Beginning with the line that contains "Ford Bronco Weather", copy each remaining line of the data below exactly.
[[ Records for this task, beginning ]]
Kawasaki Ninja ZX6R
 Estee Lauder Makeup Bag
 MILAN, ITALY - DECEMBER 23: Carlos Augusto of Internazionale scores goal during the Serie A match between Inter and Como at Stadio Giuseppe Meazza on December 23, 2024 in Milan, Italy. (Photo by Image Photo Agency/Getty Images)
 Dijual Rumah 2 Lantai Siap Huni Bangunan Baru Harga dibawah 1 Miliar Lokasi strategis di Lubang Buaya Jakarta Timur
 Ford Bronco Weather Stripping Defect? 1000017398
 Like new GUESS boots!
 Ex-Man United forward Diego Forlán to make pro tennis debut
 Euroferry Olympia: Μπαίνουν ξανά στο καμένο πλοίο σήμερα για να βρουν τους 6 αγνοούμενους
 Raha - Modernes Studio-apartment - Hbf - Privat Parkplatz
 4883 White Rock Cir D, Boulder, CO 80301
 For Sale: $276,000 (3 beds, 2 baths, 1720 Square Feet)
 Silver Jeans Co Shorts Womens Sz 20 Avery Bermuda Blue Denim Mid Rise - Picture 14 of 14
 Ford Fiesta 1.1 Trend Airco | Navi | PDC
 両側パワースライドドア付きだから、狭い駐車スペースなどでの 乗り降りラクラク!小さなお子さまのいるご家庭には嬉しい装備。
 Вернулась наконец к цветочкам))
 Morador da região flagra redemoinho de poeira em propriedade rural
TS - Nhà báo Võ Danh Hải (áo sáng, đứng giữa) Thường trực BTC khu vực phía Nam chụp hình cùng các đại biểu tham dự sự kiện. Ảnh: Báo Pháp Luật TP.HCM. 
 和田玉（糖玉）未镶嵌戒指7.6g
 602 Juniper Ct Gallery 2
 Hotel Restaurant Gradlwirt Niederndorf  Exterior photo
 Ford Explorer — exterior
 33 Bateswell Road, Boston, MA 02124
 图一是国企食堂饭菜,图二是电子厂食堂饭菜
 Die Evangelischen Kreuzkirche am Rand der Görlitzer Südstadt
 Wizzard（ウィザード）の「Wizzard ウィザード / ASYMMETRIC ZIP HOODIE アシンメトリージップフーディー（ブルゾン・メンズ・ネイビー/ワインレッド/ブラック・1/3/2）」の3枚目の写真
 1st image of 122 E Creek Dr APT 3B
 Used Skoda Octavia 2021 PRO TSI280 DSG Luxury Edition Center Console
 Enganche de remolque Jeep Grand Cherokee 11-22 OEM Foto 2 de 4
[[ Records for this task, end ]]
Reply:
 Ford Bronco Weather Stripping Defect? 1000017398
 Like new GUESS boots!
 Ex-Man United forward Diego Forlán to make pro tennis debut
 Euroferry Olympia: Μπαίνουν ξανά στο καμένο πλοίο σήμερα για να βρουν τους 6 αγνοούμενους
 Raha - Modernes Studio-apartment - Hbf - Privat Parkplatz
 4883 White Rock Cir D, Boulder, CO 80301
 For Sale: $276,000 (3 beds, 2 baths, 1720 Square Feet)
 Silver Jeans Co Shorts Womens Sz 20 Avery Bermuda Blue Denim Mid Rise - Picture 14 of 14
 Ford Fiesta 1.1 Trend Airco | Navi | PDC
 両側パワースライドドア付きだから、狭い駐車スペースなどでの 乗り降りラクラク!小さなお子さまのいるご家庭には嬉しい装備。
 Вернулась наконец к цветочкам))
 Morador da região flagra redemoinho de poeira em propriedade rural
TS - Nhà báo Võ Danh Hải (áo sáng, đứng giữa) Thường trực BTC khu vực phía Nam chụp hình cùng các đại biểu tham dự sự kiện. Ảnh: Báo Pháp Luật TP.HCM. 
 和田玉（糖玉）未镶嵌戒指7.6g
 602 Juniper Ct Gallery 2
 Hotel Restaurant Gradlwirt Niederndorf  Exterior photo
 Ford Explorer — exterior
 33 Bateswell Road, Boston, MA 02124
 图一是国企食堂饭菜,图二是电子厂食堂饭菜
 Die Evangelischen Kreuzkirche am Rand der Görlitzer Südstadt
 Wizzard（ウィザード）の「Wizzard ウィザード / ASYMMETRIC ZIP HOODIE アシンメトリージップフーディー（ブルゾン・メンズ・ネイビー/ワインレッド/ブラック・1/3/2）」の3枚目の写真
 1st image of 122 E Creek Dr APT 3B
 Used Skoda Octavia 2021 PRO TSI280 DSG Luxury Edition Center Console
 Enganche de remolque Jeep Grand Cherokee 11-22 OEM Foto 2 de 4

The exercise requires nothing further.